TOKYO (Reuters) - Sumitomo Mitsui Financial Group Inc's (>> Sumitomo Mitsui Financial Group, Inc.) brokerage unit is ready to poach bankers to expand its U.S. investment banking arm and could even buy small firms if the right target comes up, its chief executive said.

SMBC Nikko, Japan's third-biggest brokerage by assets, launched in New York last year a niche team focusing on mergers and acquisitions (M&A) and debt capital markets in an effort to capitalize on Japanese companies expanding in the United States.

"If targets come up for sale, we have the strength to buy them," Yoshihiko Shimizu said in an interview. "But if we do buy something, it would be as much as a team (of bankers)."

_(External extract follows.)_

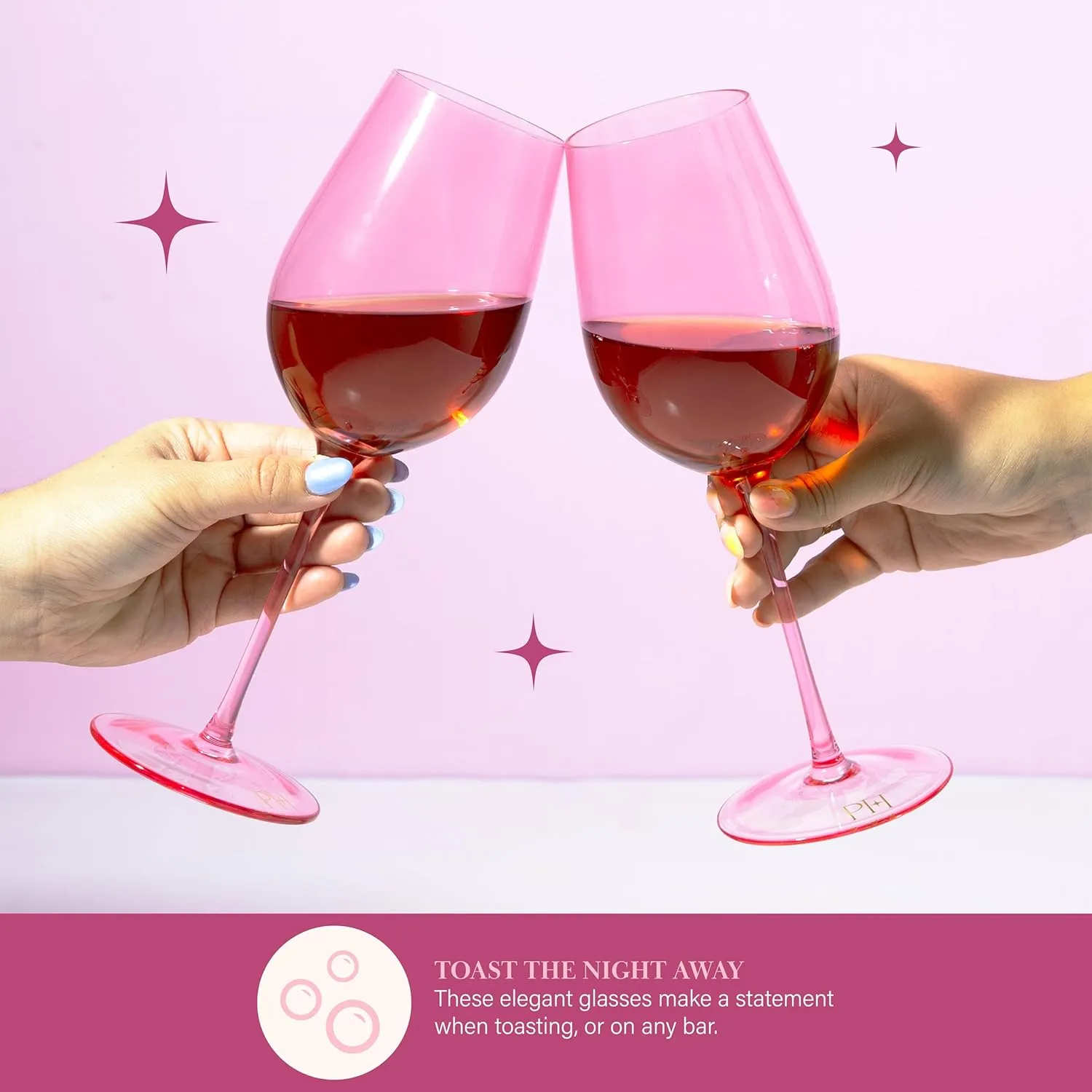 Paris Hilton Wine Glass Set, Handmade Glass Collection in Paris Signature Pink, Perfect for Parties and Special Occasions, Serve Red or White Wine, Cocktails and More, 17.5-Ounce, 2-Piece Set, Pink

"If that one team is a company, we'll buy the whole company. If there are 30 able people in a team of 100, I only want the 30 people," he said.

Japanese investment banks and brokerages are betting on the U.S. as domestic companies strive to escape a shrinking population and tepid growth at home by expanding in the world's largest economy.

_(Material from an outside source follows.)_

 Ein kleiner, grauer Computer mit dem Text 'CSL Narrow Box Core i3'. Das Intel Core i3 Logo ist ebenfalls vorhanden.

SMBC Nikko's rivals Nomura Holdings Inc (>> Nomura Holdings Inc) and Daiwa Securities Group Inc (>> Daiwa Securities Group Inc), Japan's biggest and second-biggest brokerages respectively, have this year beefed up their U.S. investment banking coverage.

Nomura is boosting its ranks of investment bankers in New York, including senior hires in the tech and finance sectors. Daiwa, looking to earn more money from advising mid-sized firms, bought two boutique M&A advisory firms in New York and Baltimore.

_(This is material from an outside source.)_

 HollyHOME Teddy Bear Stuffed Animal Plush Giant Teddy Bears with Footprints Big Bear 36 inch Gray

Still, Shimizu said buying large securities firms could risk a loss of control - something that has hit Japanese brokerages before. Nomura's 2008 acquisition of Lehman Brothers' Asian and European businesses led to six straight years of overseas pretax losses totaling 385 billion yen ($3.40 billion).

SMBC Nikko's New York team, comprising 10 senior bankers, focuses on sectors where the brokerage's parent - No. 3 among Japan's "megabanks" - has strong connections, including pharmaceuticals and raw materials.

In the year to November, the parent was the top advisor by number of deals involving Japanese firms, but only fifth by deal volume, Thomson Reuters data showed. Last year it ranked second by commissions and 10th by deal volume.

"Little by little, we're seeing success." said Shimizu, a 39-year veteran of Japan's banking industry.

SMBC Nikko will leverage its parent's lending business as an "entrance ticket" to broaden opportunities in debt and equity financing and M&A advisory, Shimizu said, with the company looking to serve major Japanese firms.

"You can't make money by focusing only on blue-chips. But at the same time I don't want to focus in America on small and medium-size firms," he said.